Multiarch Cross Toolchains

Cross Toolchains can be built using multiarch mechanisms. Specifically they need the ability to build-depend on foreign-arch packages. (arm-linux-gnueabi-gcc needs libc:armel and linux-libc-dev:armel to build).

This page documents the state of work to make this a useful reality, integrated into Debian.

How is this different from before

There have been binary cross-toolchains built for Debian for a decade or so now, using various schemes. (toolchain-source, buildcross). The Emdebian project has provided these, and currently builds them using buildcross, which relies on there already being a suitable glibc package for the target architecture, which is transformed using dpkg-cross so that everything exists in one architecture. The buildcross process is not designed for use on normal buildds due to the cross-arch buildd-deps so these packages have never been available in Debian proper.

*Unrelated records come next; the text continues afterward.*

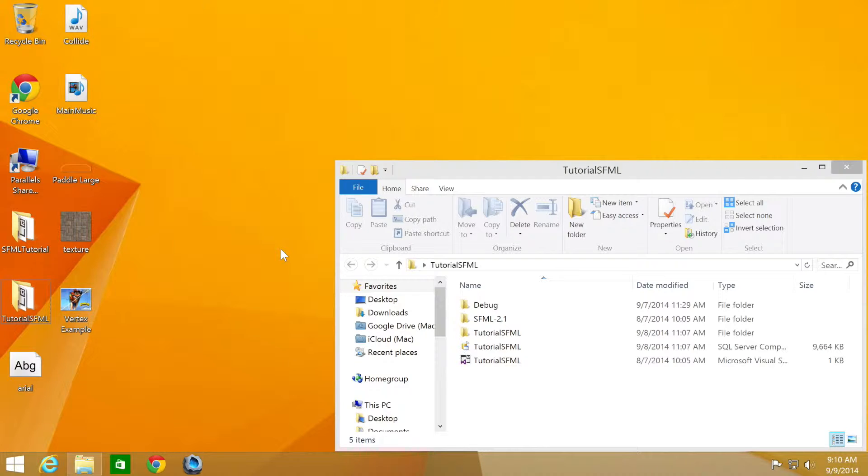Hello and welcome to the 44th tutorial in the SFML 2.1 series. In this part we're going to be looking at hiding the mouse. We'll be using the source code from the third tutorial.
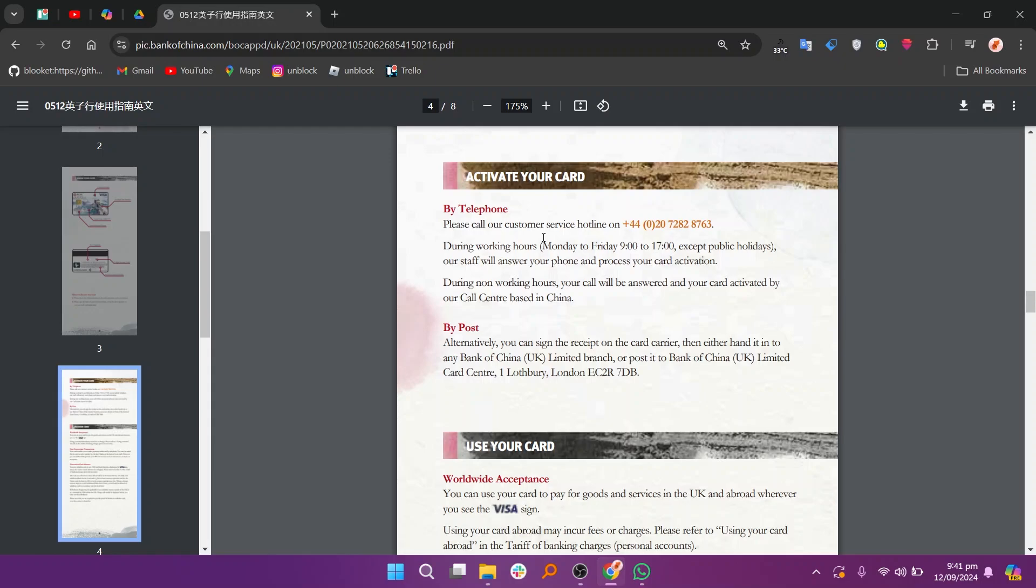To add your Dubai's first Royal MasterCard to Bank of China, you need to activate your card first. You can do this by calling the customer service hotline at +44-020-7282-8763 during working hours, Monday to Friday, 9am to 5pm, excluding public holidays. A staff member will assist with activating your card.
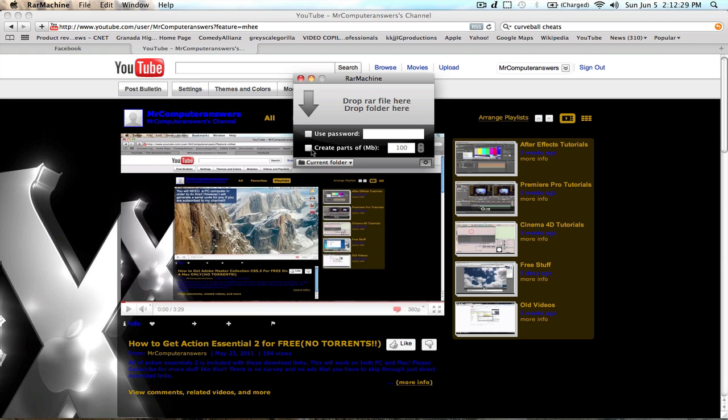If you want to create it in parts, and it is in megabytes, you click on that arrow and you can use these if you want. Or you could just type it in. So, I'm just going to put it at 900, and I don't really want to use a password actually.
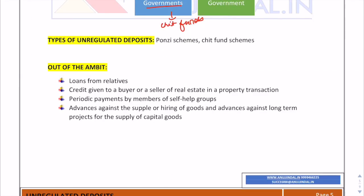There are two main types of unregulated deposits: Ponzi schemes and unregulated chit fund schemes. Ponzi schemes are a type of investment fraud wherein one party promises high returns on an investment. Early investors are repaid by acquiring new investors, and once there are no longer enough new investors, the scheme collapses and investors lose their money.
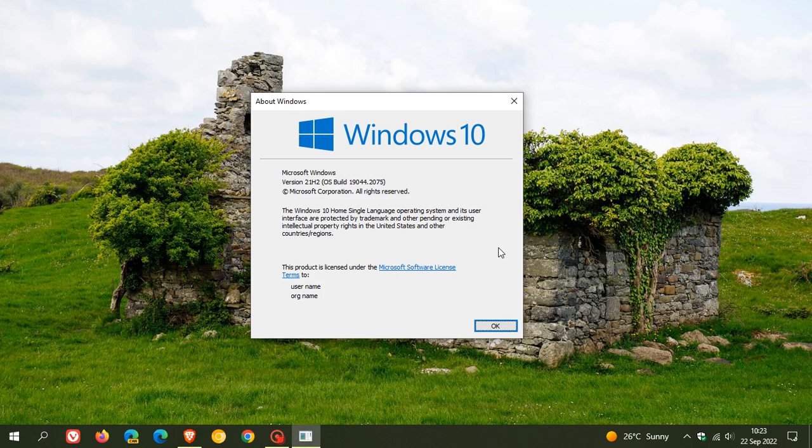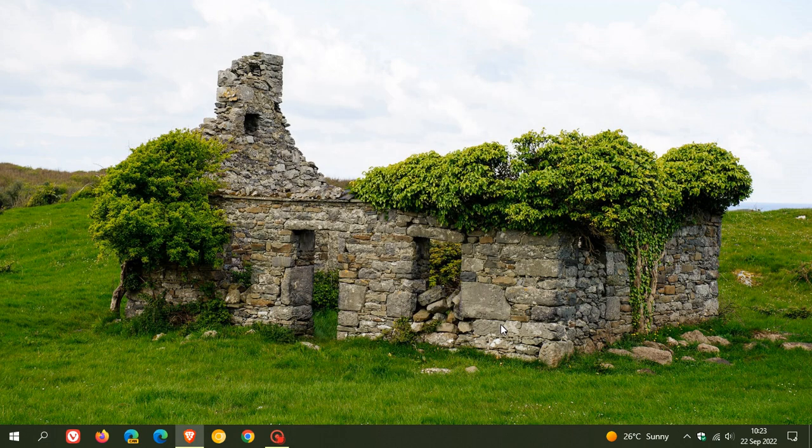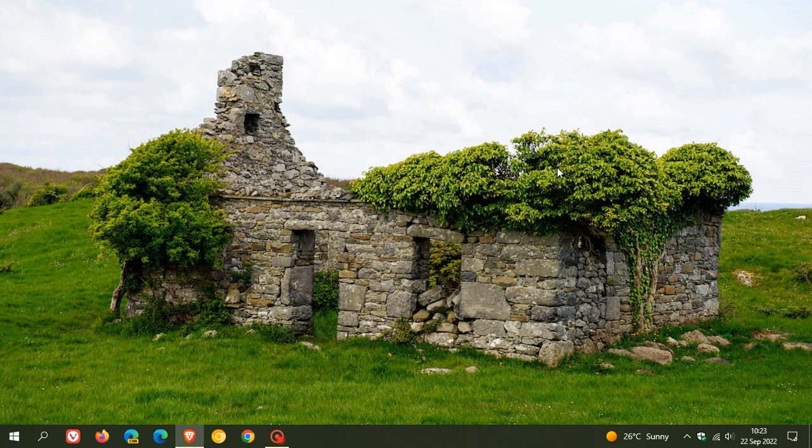It's just that build number that will be bumped up. I just wanted to keep you updated that version 22H2 of Windows 10, according to Microsoft, will start rolling out next month in October. As soon as I get a specific date, I will post and let you know accordingly.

Hector Oron wrote buildcross and maintained

Ubuntu (with Linaro sponsorship) took a different approach in order to get toolchains into the archive. armel-cross-toolchain-base is a package which uses binary source packages from binutils, eglibc, linux-kernel and gcc (binutils-source, eglibc-source, linux-<ver>-source, gcc-<ver>-source) to run a 3-stage bootstrap on a normal buildd and thus generate in-archive toolchains. It works, but it's not pretty. This package has support for doing builds on Debian too, although it is only occasionally maintained.

Multiarch, combined with staged builds, lets us simplify the build process by using the normal source packages, but building them for specified targets and stages, with cross-arch dependencies. (or at least it should...)

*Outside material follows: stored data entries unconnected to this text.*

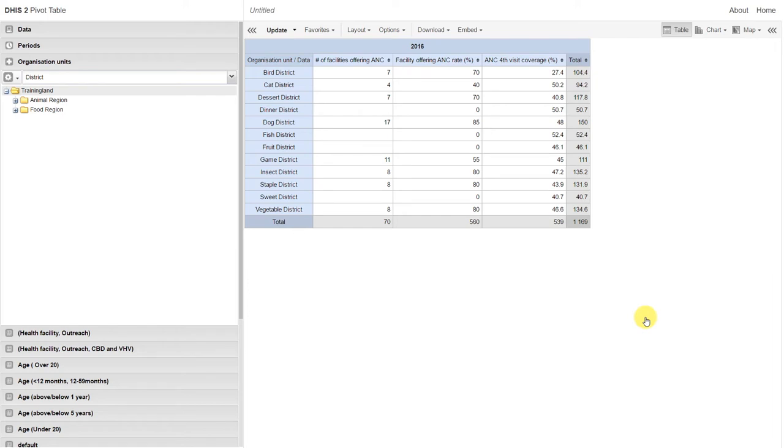This ends this session on event data analysis and wraps up the tracker module. Please give the exercise a try and let us know if you have any questions regarding any of the concepts that we have discussed in this demonstration. In the next session, we will discuss some summary concepts related to DHIS2.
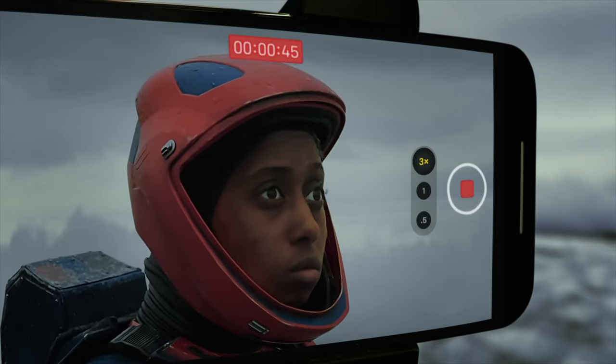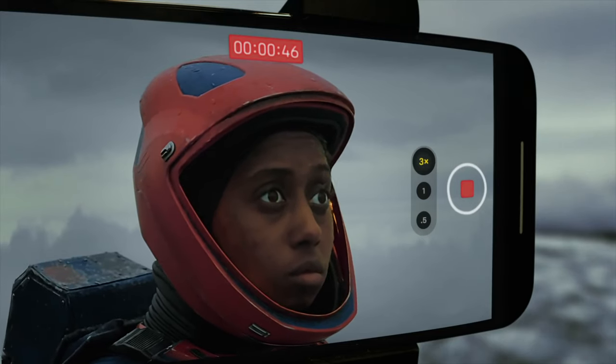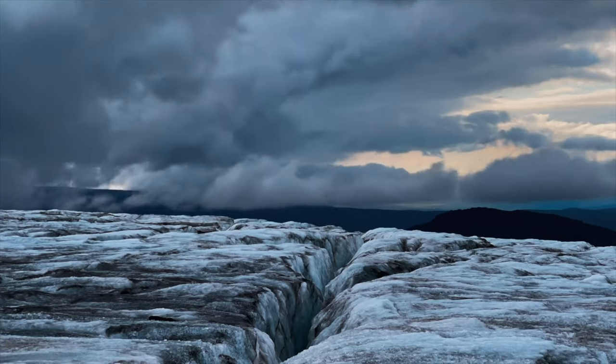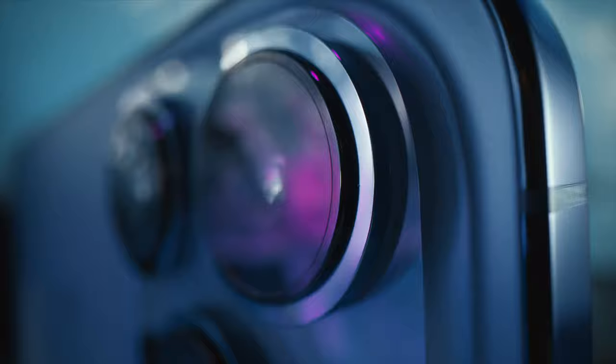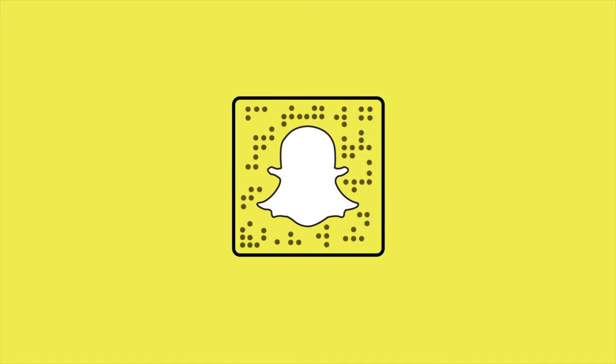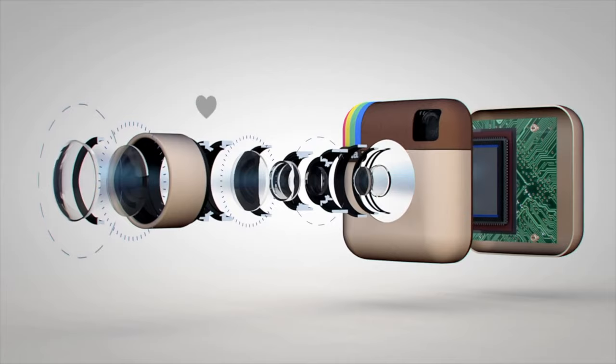The biggest misconception of poor image quality on Android devices isn't the camera lens itself, but an app called Snapchat — and nowadays Instagram.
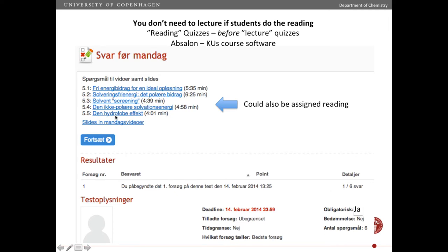For each video, students have to answer one question — usually true/false. It's not a lot of questions, and if they've seen the video it's not a hard question. It's simply to make sure they actually do it. This could also be assigned reading instead of videos, but it helps ensure students come prepared for class, so class time is used not to tell them information but to make sure they absorbed and understood it.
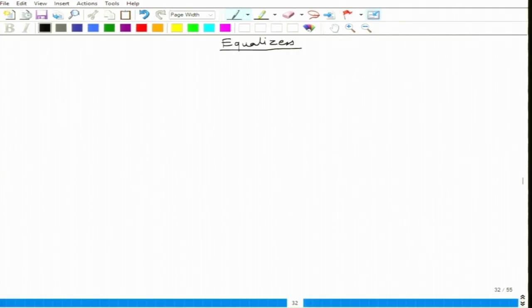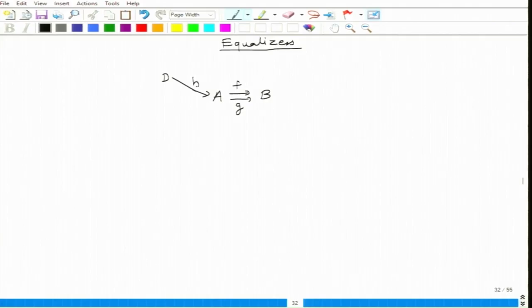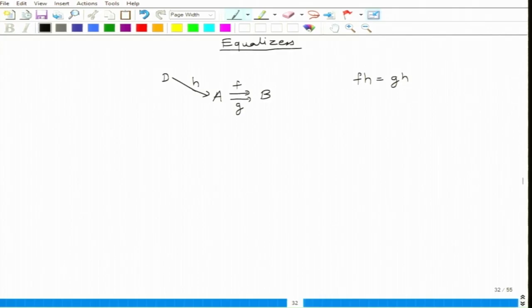Equalizers — let me describe everything diagrammatically. We are given two objects and a parallel pair of arrows f and g. Now we want to talk about a morphism; let me call that morphism from D to A, let me call it h, such that f∘h is equal to g∘h, and there should be a universal such thing.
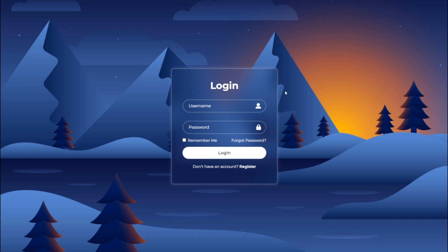Hey there! Welcome back to CSS series. Today, we'll create a beautiful login form using HTML and CSS.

Initial work on this was done as a 2012 GSOC project (by Thibaut Girka), and has recently (Dec 2012) been merged into gcc, with all the important bits included by gcc-4.7.2-17.

Credits:

Repository and patches

The sources and binaries from this process are being uploaded to Wookey's bootstrap repos. The multiarch toolchain bootstrap is being done in Debian using packages from unstable and experimental.

GCC patches have been fully merged into gcc-4.7.2-17. Old GCC patches are available for 4.7.2-4, 4.7.2.-11, 4.7.2-12, 4.7.2-14 and 4.7.2-16 at time of writing.

Building multiarch cross-toolchains

Where the target architecture already exists as a Debian port this is simple as you already have a suitable libc:<arch> on which to depend and libc-dev:<arch> and linux-libc-dev:<arch> on which to build-depend.

You need gcc-4.7.2-17 or later or ThibG's multiarch toolchain patches or the source from Wookey's bootstrap repository as detailed in Repository and patches.

And this binutils patch: 695595, also already applied in the bootstrap repo.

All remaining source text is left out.